**Given data:**
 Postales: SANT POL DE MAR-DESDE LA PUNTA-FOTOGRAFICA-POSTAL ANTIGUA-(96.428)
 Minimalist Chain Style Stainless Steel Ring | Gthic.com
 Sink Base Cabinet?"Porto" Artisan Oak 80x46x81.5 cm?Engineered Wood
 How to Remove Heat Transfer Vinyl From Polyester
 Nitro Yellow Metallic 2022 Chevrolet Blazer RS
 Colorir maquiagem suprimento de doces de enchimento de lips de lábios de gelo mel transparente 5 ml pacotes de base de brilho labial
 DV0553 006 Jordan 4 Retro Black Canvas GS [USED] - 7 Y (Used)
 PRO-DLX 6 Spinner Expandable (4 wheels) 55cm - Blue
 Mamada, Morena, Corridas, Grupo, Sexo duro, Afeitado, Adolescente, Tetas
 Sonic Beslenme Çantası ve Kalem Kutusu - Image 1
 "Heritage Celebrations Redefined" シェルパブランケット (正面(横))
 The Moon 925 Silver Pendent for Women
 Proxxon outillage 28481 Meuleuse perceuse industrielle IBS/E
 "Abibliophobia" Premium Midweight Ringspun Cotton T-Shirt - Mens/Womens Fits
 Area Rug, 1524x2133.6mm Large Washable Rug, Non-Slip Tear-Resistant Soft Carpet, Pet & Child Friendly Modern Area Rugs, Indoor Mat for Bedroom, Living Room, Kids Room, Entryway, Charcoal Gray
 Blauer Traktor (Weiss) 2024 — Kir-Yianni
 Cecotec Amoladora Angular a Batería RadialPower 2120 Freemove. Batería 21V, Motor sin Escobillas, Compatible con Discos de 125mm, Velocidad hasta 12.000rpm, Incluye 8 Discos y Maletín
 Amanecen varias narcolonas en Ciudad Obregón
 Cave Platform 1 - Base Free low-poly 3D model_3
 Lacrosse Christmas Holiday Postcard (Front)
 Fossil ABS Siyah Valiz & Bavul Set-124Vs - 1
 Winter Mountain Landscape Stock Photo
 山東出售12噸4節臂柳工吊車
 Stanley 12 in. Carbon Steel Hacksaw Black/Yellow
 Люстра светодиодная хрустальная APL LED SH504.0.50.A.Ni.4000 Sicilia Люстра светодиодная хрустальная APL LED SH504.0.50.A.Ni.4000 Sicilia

**What this task involves:** The reply must consist solely of the lines from the one containing "Proxxon outillage 28481" through the last line in the material above, reproduced exactly.

**Solution for this exercise:**
 Proxxon outillage 28481 Meuleuse perceuse industrielle IBS/E
 "Abibliophobia" Premium Midweight Ringspun Cotton T-Shirt - Mens/Womens Fits
 Area Rug, 1524x2133.6mm Large Washable Rug, Non-Slip Tear-Resistant Soft Carpet, Pet & Child Friendly Modern Area Rugs, Indoor Mat for Bedroom, Living Room, Kids Room, Entryway, Charcoal Gray
 Blauer Traktor (Weiss) 2024 — Kir-Yianni
 Cecotec Amoladora Angular a Batería RadialPower 2120 Freemove. Batería 21V, Motor sin Escobillas, Compatible con Discos de 125mm, Velocidad hasta 12.000rpm, Incluye 8 Discos y Maletín
 Amanecen varias narcolonas en Ciudad Obregón
 Cave Platform 1 - Base Free low-poly 3D model_3
 Lacrosse Christmas Holiday Postcard (Front)
 Fossil ABS Siyah Valiz & Bavul Set-124Vs - 1
 Winter Mountain Landscape Stock Photo
 山東出售12噸4節臂柳工吊車
 Stanley 12 in. Carbon Steel Hacksaw Black/Yellow
 Люстра светодиодная хрустальная APL LED SH504.0.50.A.Ni.4000 Sicilia Люстра светодиодная хрустальная APL LED SH504.0.50.A.Ni.4000 Sicilia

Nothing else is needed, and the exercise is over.